If you write C or C++, or if you maintain infrastructure that runs native code, this is a vulnerability pattern you need to understand deeply.


Background: What Is ik-llama-cpp?

ik-llama-cpp is a high-performance C++ inference backend for large language models, built on top of the llama.cpp ecosystem. Its gRPC server component (grpc-server.cpp) handles incoming inference requests, manages token generation, and reports back statistics — including timing measurements and token counts — to clients.

These statistics are formatted and written as strings during the normal course of operation. That formatting step is exactly where the vulnerability lived.

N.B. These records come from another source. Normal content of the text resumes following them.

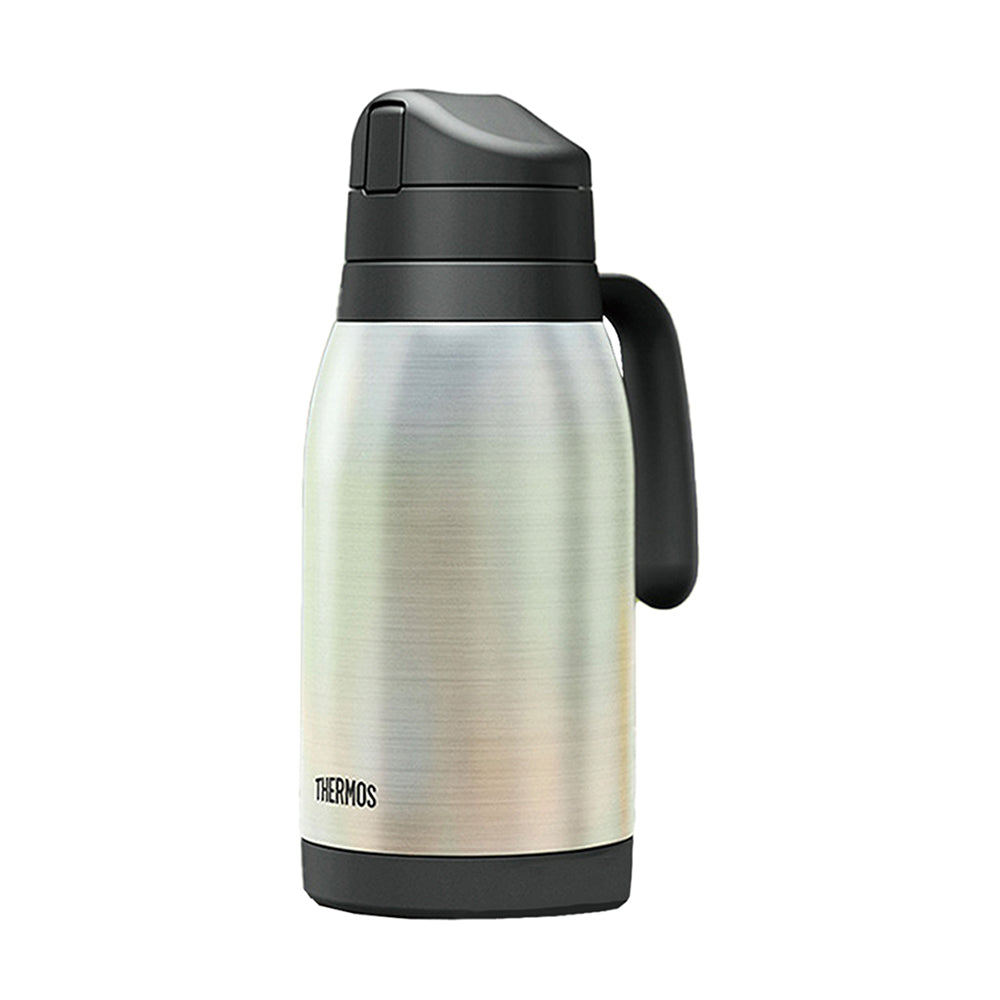 Thermos Vacuum Insulated Carafe 1500ml – Clear Stainless (THY-1500-CS)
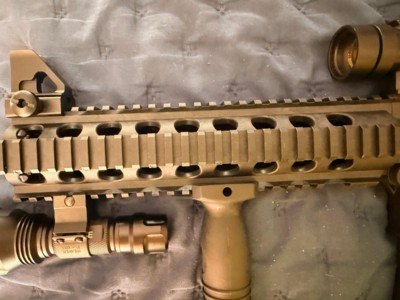 Smith & Wesson M&P 15-22 Semi Auto Rifle - Loaded - Pristine - Image 13 of 19
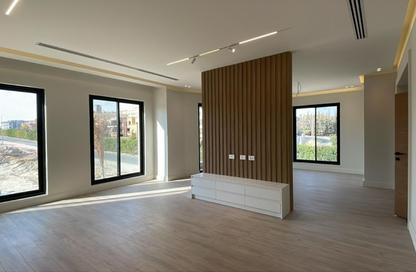 Apartment - 3 Bedrooms - 4 Bathrooms for rent in West Golf - El Katameya Compounds - El Katameya - New Cairo City - Cairo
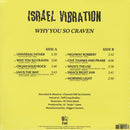 Why You So Craven (180g LP)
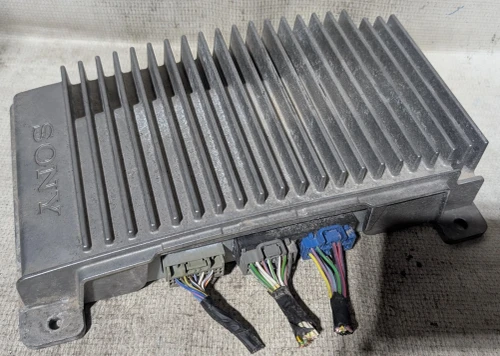 2013-2014 Ford Edge CT4T18B849AJ Sony Used OEM Audio Amplifier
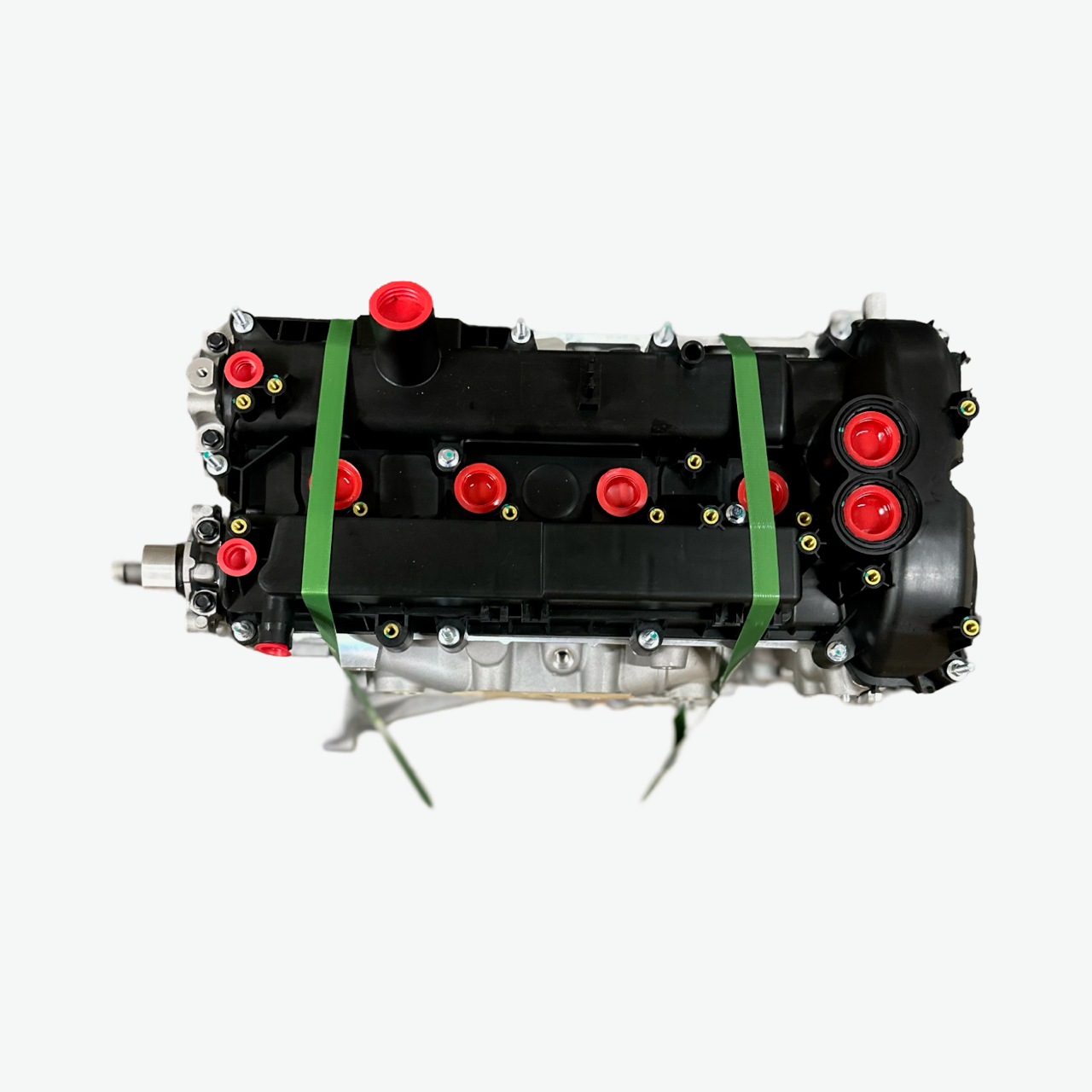 2013-2014 Ford Focus ST 2.0L CAF488WQ2 Turbo 4-Cylinder Engine Motor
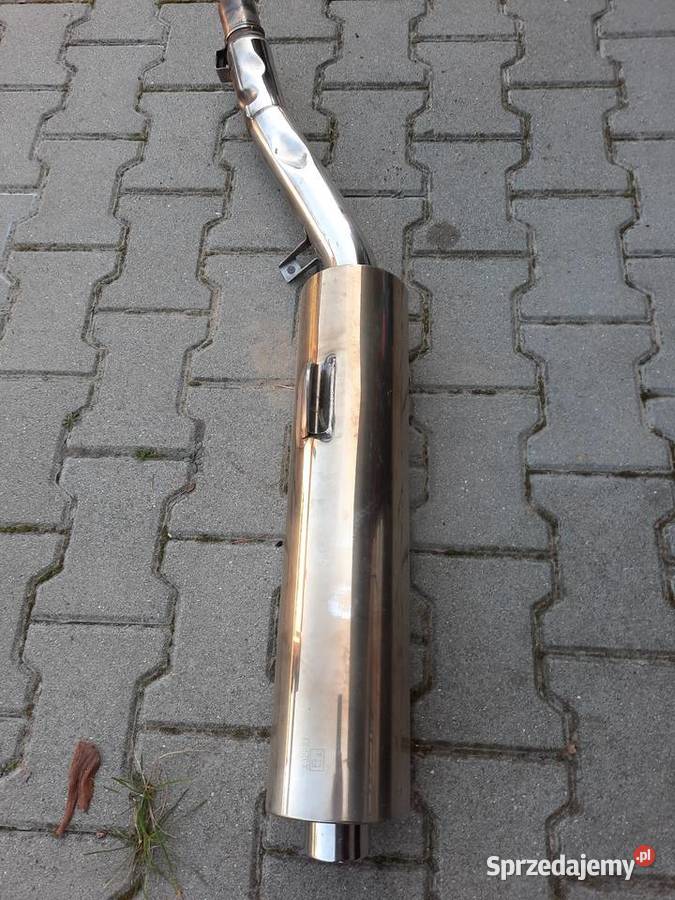 tłumik suzuki Wolsztyn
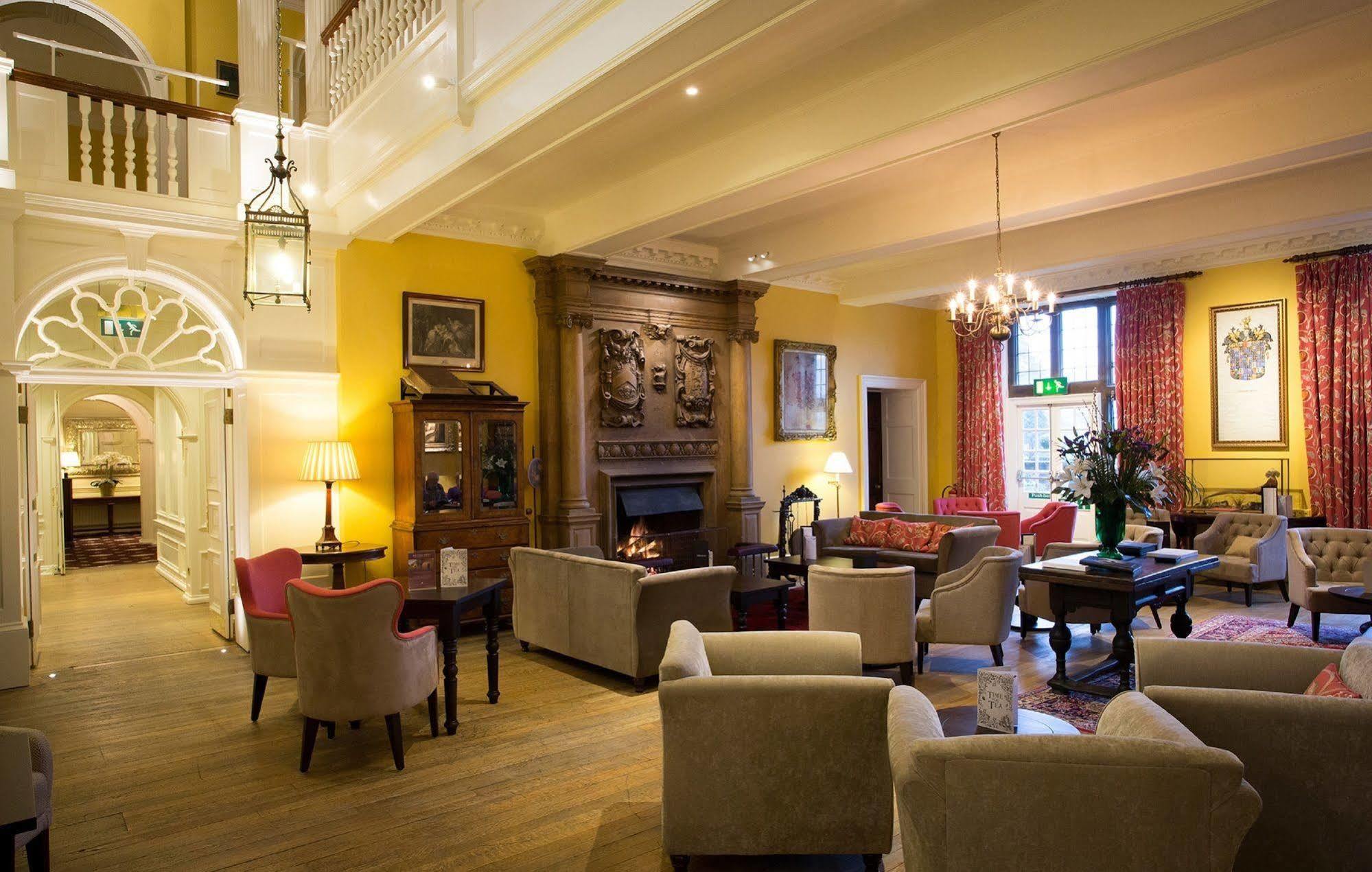 Gisborough Hall Hotel Guisborough Bagian luar foto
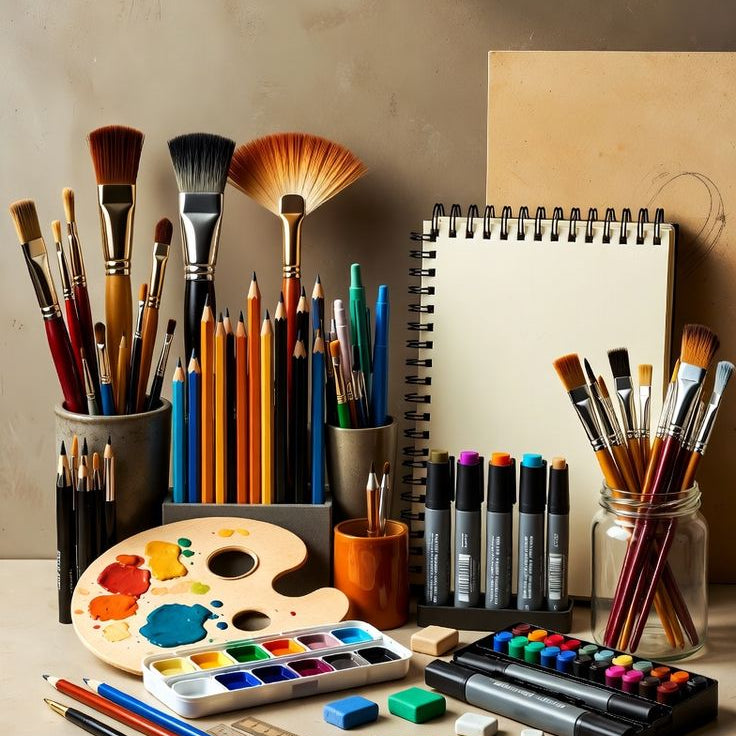 Art Supplies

The Vulnerability Explained

What Went Wrong

At lines 329, 343, and 355 of backend/cpp/ik-llama-cpp/grpc-server.cpp, the code used sprintf() to write formatted timing and token-count statistics into fixed-size stack-allocated buffers. Here is the core problem in plain terms:

  • A buffer of a fixed size (say, 256 bytes) is allocated on the stack.
  • sprintf() is called to write a formatted string into that buffer.
  • sprintf() does not know how large the buffer is — it has no way to enforce a size limit.
  • If the formatted output exceeds the buffer size, sprintf() happily keeps writing past the end of the buffer, into adjacent stack memory.
// Simplified illustration of the vulnerable pattern
char stats_buffer[256];  // Fixed-size stack buffer

// sprintf() has NO idea how big stats_buffer is
sprintf(stats_buffer, "Tokens: %lld, Time: %f ms, Rate: %f tok/s",
        token_count,        // Could be a very large number
        elapsed_time_ms,    // Floating point, unpredictable string length
        tokens_per_second); // Same problem

In this server, the values being formatted included:
- Token counts — which can be arbitrarily large integers
- Timing measurements — floating-point values whose string representations can vary significantly in length

Neither of these values is bounded in a way that guarantees the formatted output will fit within the allocated buffer.

Why the Stack Makes This Worse

To understand why this is critical rather than merely "bad," you need to understand what lives on the stack near a local buffer.

When a function is called, the CPU pushes a return address onto the stack — the memory address the program should jump back to when the function finishes. It also saves frame pointers that help the program navigate its own call stack. These are stored in memory that is physically adjacent to local variables like our stats_buffer.

Stack layout (simplified, grows downward):
┌─────────────────────────────────┐   Higher addresses
  Caller's stack frame           
├─────────────────────────────────┤
  Saved return address  ◄────────┼── Overwriting this = code execution
├─────────────────────────────────┤
  Saved frame pointer            
├─────────────────────────────────┤
  stats_buffer[256]   ◄──────────┼── sprintf() starts writing here
  (our vulnerable buffer)        
  ...                            
└─────────────────────────────────┘   Lower addresses (buffer grows upward)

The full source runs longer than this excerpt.